Skip site navigation (1) Skip section navigation (2)

Re: Hardware/OS recommendations for large databases (

From: David Lang <dlang(at)invendra(dot)net>
To: Brendan Duddridge <brendan(at)clickspace(dot)com>
Cc: pgsql-performance(at)postgresql(dot)org
Subject: Re: Hardware/OS recommendations for large databases (
Date: 2005-11-28 04:01:05
Message-ID: Pine.LNX.4.62.0511271940400.2807@qnivq.ynat.uz (view raw or flat)
Thread:
Lists: pgsql-performance
On Mon, 28 Nov 2005, Brendan Duddridge wrote:

> Hi David,
>
> Thanks for your reply. So how is that different than something like Slony2 or 
> pgcluster with multi-master replication? Is it similar technology?
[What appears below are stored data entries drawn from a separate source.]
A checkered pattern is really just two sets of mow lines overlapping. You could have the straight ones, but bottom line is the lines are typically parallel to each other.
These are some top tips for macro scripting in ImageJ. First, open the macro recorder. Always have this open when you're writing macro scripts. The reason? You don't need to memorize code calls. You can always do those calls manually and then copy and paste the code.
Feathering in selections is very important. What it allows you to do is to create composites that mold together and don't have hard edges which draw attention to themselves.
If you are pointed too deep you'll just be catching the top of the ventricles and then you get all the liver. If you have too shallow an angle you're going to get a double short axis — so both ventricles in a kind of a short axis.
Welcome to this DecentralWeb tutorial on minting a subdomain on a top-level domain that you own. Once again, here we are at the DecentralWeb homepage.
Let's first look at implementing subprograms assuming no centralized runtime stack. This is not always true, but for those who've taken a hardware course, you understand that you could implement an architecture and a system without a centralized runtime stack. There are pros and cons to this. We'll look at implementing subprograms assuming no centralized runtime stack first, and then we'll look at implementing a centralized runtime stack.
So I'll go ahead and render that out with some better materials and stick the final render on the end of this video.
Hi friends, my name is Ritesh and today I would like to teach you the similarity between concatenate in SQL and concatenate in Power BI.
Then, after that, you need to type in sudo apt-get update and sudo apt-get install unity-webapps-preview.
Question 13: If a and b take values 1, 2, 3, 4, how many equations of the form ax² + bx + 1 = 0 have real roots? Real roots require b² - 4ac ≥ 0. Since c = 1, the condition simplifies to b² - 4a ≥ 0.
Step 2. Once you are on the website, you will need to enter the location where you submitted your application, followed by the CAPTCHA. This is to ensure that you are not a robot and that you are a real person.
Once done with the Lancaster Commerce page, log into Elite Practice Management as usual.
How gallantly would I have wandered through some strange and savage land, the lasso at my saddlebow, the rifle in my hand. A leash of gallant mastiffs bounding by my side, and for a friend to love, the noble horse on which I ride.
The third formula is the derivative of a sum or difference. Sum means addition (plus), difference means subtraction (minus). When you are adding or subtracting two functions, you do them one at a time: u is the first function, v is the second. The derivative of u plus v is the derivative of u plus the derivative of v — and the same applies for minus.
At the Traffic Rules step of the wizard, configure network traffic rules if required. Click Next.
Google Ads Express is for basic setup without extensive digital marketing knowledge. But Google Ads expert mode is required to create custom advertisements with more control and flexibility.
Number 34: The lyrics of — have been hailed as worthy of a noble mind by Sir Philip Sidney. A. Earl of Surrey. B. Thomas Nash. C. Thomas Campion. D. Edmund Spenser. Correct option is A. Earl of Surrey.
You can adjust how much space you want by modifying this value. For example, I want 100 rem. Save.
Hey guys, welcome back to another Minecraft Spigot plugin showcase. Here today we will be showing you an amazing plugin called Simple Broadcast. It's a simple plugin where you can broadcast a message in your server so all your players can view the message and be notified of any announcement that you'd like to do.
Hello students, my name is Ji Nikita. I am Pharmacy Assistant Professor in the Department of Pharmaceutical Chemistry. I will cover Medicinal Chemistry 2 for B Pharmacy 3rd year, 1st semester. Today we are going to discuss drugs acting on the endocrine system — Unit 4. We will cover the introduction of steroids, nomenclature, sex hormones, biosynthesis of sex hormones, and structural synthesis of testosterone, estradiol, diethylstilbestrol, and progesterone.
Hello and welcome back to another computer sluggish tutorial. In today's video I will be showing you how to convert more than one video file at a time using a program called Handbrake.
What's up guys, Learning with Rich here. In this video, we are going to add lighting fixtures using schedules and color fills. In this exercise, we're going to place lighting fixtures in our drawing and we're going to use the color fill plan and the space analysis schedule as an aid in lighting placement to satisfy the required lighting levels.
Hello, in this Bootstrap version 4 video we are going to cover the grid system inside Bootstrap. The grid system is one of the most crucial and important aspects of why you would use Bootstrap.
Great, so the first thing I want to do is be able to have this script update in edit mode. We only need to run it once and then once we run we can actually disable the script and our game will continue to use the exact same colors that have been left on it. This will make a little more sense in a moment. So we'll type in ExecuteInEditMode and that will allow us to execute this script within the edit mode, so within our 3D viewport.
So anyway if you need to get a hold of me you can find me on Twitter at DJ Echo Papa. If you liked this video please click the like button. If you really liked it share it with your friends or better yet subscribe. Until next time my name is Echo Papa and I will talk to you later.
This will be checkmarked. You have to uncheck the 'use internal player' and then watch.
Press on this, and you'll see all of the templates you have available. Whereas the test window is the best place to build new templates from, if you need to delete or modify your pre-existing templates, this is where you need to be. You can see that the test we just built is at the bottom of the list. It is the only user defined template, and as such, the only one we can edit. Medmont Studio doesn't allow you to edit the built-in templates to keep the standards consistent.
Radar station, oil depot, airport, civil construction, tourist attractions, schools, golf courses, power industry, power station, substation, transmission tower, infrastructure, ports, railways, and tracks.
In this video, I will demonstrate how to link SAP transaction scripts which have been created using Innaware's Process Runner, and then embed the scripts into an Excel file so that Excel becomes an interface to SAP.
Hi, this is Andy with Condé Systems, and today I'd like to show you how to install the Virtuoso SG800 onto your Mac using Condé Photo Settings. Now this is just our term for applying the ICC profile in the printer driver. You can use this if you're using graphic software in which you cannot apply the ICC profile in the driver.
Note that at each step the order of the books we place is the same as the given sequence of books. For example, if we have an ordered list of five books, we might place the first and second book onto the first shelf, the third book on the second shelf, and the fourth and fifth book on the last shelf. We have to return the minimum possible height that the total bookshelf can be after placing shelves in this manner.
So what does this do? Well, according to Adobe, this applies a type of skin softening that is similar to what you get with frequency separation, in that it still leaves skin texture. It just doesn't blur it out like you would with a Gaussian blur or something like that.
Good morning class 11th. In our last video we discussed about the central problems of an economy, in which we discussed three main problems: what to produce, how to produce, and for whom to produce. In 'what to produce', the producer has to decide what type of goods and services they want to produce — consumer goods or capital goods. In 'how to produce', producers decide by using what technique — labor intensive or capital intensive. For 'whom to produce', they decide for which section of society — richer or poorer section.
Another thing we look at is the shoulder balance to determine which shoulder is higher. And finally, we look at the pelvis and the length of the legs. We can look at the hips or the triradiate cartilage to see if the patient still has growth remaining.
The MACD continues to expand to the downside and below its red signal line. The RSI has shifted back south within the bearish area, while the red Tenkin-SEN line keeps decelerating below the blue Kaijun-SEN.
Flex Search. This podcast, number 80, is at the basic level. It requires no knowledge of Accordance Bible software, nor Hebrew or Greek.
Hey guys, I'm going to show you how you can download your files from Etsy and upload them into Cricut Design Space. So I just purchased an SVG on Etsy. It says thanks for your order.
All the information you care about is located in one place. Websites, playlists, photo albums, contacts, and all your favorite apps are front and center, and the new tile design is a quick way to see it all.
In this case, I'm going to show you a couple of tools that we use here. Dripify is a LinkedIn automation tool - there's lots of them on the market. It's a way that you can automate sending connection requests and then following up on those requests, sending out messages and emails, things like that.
We're 
> currently looking for a good clustering solution that will work on our Apple 
> Xserves and Xserve RAIDs.

MPP doesn't just split up the data, it splits up the processing as well, 
so if you have a 5 machine cluster, each machine holds 1/5 of your data 
(plus a backup for one of the other machines) and when you do a query MPP 
slices and dices the query to send a subset of the query to each machine, 
it then gets the responses from all the machines and combines them

if you ahve to do a full table scan for example, wach machine would only 
have to go through 20% of the data

a Slony of pgcluster setup has each machine with a full copy of all the 
data, only one machine can work on a given query at a time, and if you 
have to do a full table scan one machine needs to read 100% of the data.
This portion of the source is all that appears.